From the first line of the entries through the line containing "Esimies pitämässä innostavaa", output everything exactly except the pictures.

==*==

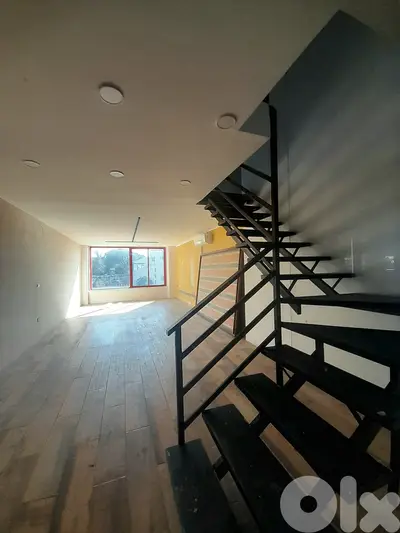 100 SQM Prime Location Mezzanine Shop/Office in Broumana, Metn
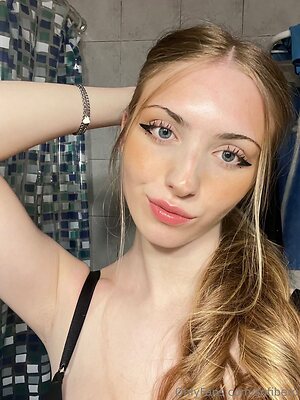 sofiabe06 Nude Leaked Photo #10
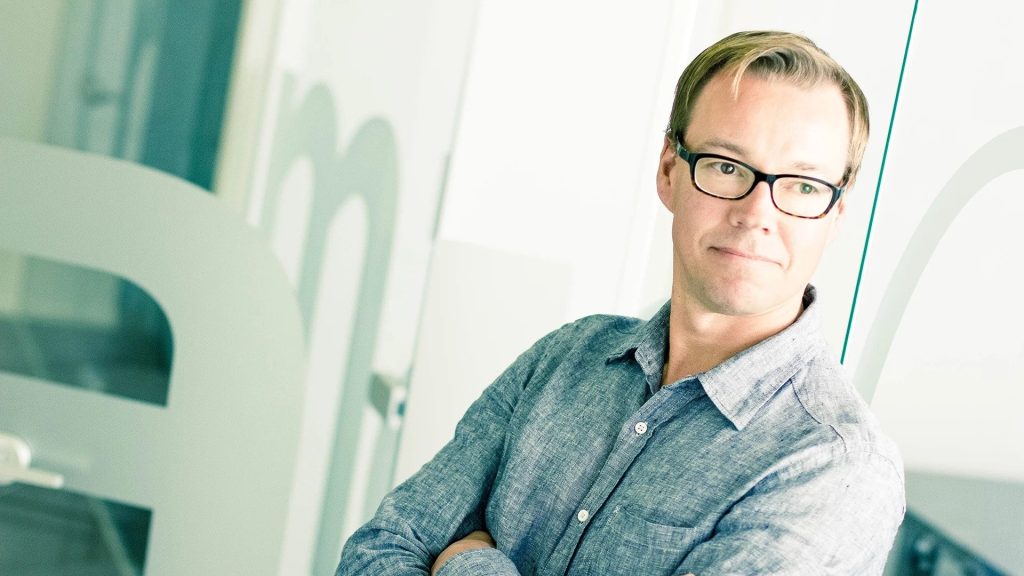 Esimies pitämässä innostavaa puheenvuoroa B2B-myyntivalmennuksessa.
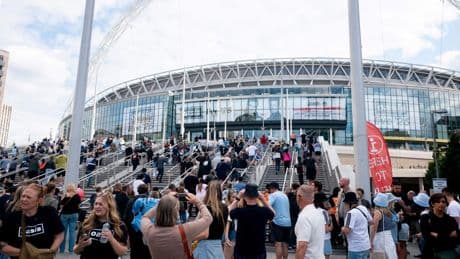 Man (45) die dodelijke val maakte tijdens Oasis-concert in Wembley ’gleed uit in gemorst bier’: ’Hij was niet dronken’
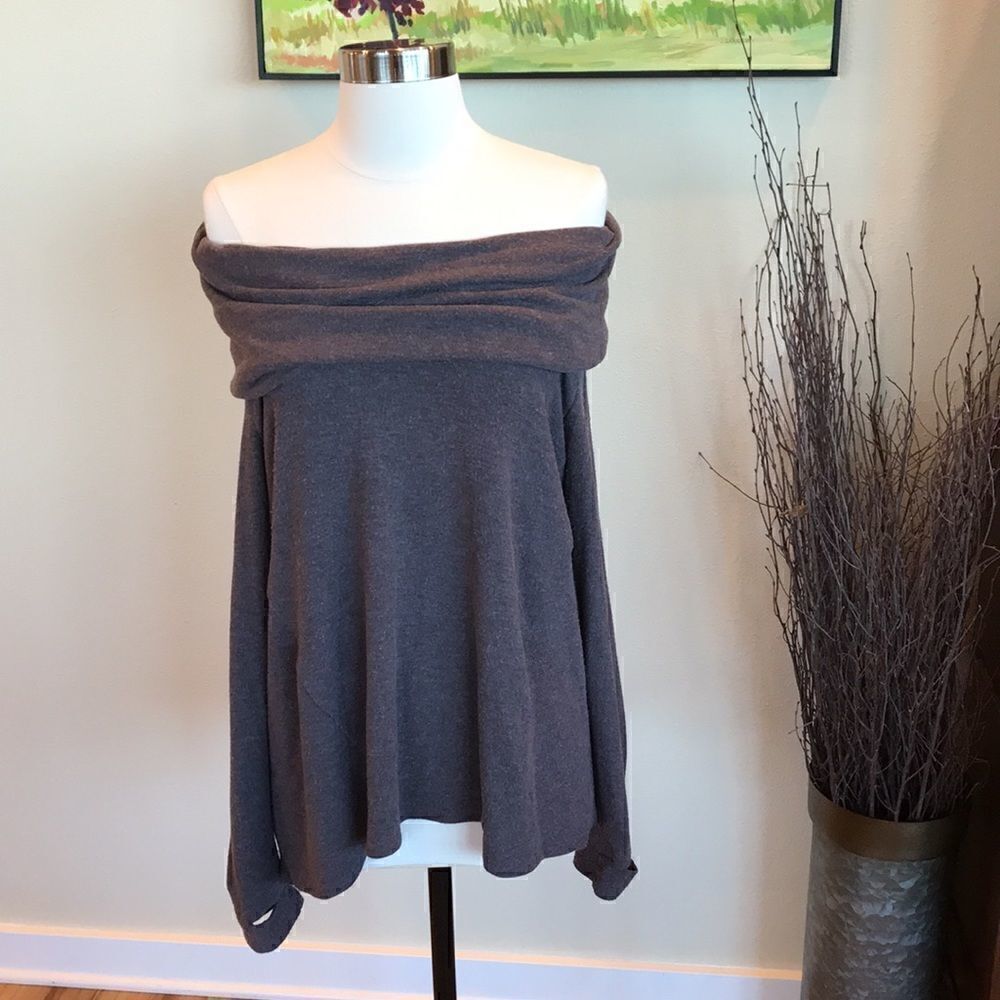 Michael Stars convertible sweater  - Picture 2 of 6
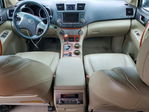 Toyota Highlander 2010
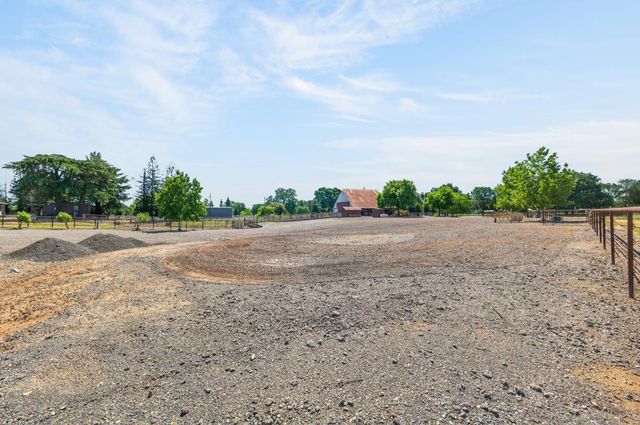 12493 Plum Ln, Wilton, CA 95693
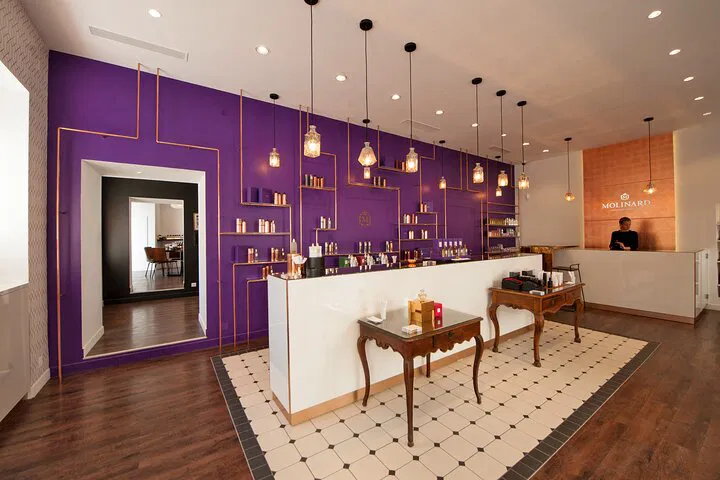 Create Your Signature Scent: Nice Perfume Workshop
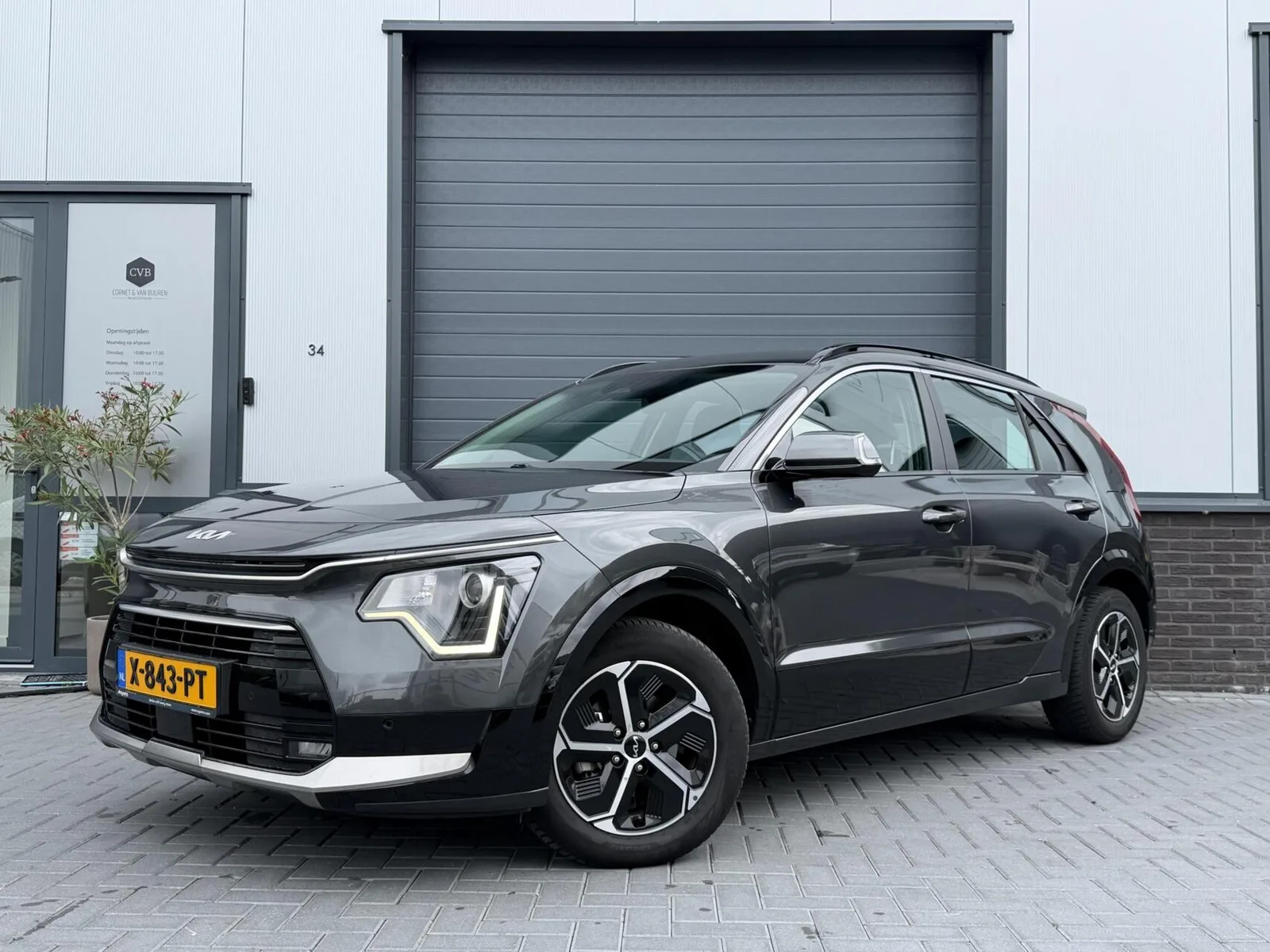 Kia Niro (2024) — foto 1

==*==

SOLUTION:
 100 SQM Prime Location Mezzanine Shop/Office in Broumana, Metn
 sofiabe06 Nude Leaked Photo #10
 Esimies pitämässä innostavaa puheenvuoroa B2B-myyntivalmennuksessa.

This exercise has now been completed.